Berdaulat Adalah Persoalan Idiologi

Loading

images2

Oleh: Fauzi Aziz

POLITIK katanya soal kekuasaan dan kepentingan. Sedangkan ekonomi adalah soal kesejahteraan dan kemakmuran. Politik bisa dibentuk, tapi ekonomi hanya bisa diberi bentuk. Keduanya juga bisa diberi label, yakni liberal atau sosialis.

Keduanya bisa bergerak searah dan bisa pula tidak searah karena kepentingannya berbeda. Politik kepentingannya membangun kekuasaan. Dengan kekuasaan itu, politik bisa menghasilkan kebijakan dan kebijaksanaan itu biasanya tergantung kepentingan kelompok tertentu.

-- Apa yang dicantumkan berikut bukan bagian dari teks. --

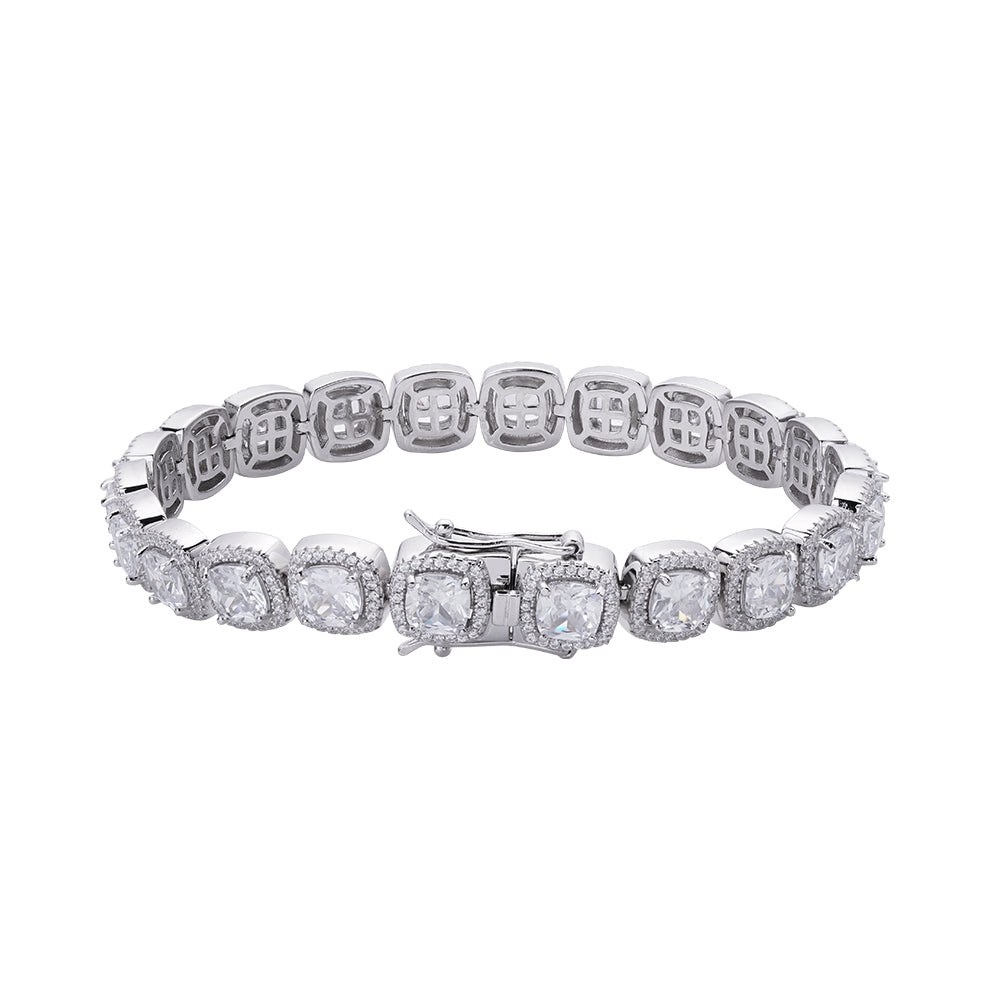 Sterling Silver Moissanite Designer Bracelet 8.25 Inch 25-1/6 Ctw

Ekonomi kepentingannya yang paling esensial adalah membangun kesejahteraan dan kemakmuran masyarakat luas. Jadi, kalau dalil tersebut bisa diterima, maka baik politik maupun ekonomi, sejatinya membicarakan banyak kepentingan, ya… kepentingan penguasa, pemodal/pebisnis dan kepentingan rakyat.

Karena ada 3 kepentingan besar, maka peran sutradara menjadi sentral agar tiga pemangku kepentingan tersebut bisa saling menstimulasi dan saling memperoleh manfaat, yang hasil akhirnya adalah stabilitas, pertumbuhan, serta kesejahteraan bagi seluruh rakyat.

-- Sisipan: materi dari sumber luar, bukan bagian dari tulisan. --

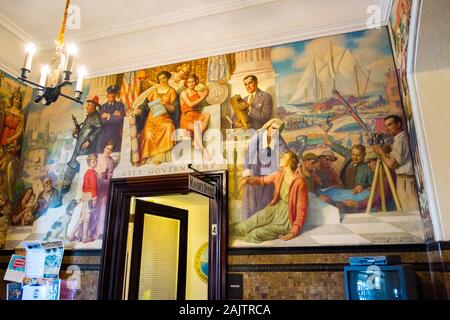 Interieur von Gloucester City Hall, Gloucester, Massachusetts, USA Stockfoto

Alur ceritanya harus dibuat mengalir, dimulai dari proses politik yang baik, perencanaan ekonomi yang baik dan didukung oleh komponen rakyat yang cerdas. Pendidikan politik yang baik sesuai kebutuhan bangsa dan Negara juga sangat penting.

Pendidikan ekonomi bagi seluruh rakyat juga tak kalah penting agar masyarakat mampu menjadi insan ekonomi mandiri yang dapat mengurus rumah tangga sebagai unit ekonomi terkecil dalam sistem perekonomian bangsa.

Oleh sebab itu, membina dan mengembangkan ekonomi rakyat menjadi penting, baik yang bergerak di sektor produksi maupun jasa. Proses tersebut dapat berjalan bila sang stradara memiliki wawasan kebangsaan dan kenegaraan yang paripurna.

Tidak hanya itu. Sang sutradara juga harus mampu menawarkan konsep pembangunan dimana sebuah proses politik yang baik bisa menghasilkan kebijakan ekonomi yang baik dan mampu memberikan kesempatan luas kepada bangsa untuk menjadi tuan di negeri sendiri. Presiden dan seluruh anggota kabinet sesungguhnya bukan sutradara, tetapi aktor di bidang politik praktis yang telah dipersiapkan oleh sutradara untuk dapat memerankan diri sebagai penggerak sistem ekonomi yang skenarionya sudah digariskan oleh sutradara.

Skenario politik dan ekonomi, dalam konteks Indonesia ada di mukadimah dan batang tubuh UUD 1945. Skripnya ada di berbagai undang-undang yang disusun pemerintah bersama DPR.

Dalam posisi demikian, sebenarnya terjadi bias karena terjadi konflik kepentingan karena kedudukan pemerintah sebagai eksekutor merangkap legislator. Harusnya UU dibuat bersama antara DPR dan DPD yang menampung aspirasi rakyat secara langsung.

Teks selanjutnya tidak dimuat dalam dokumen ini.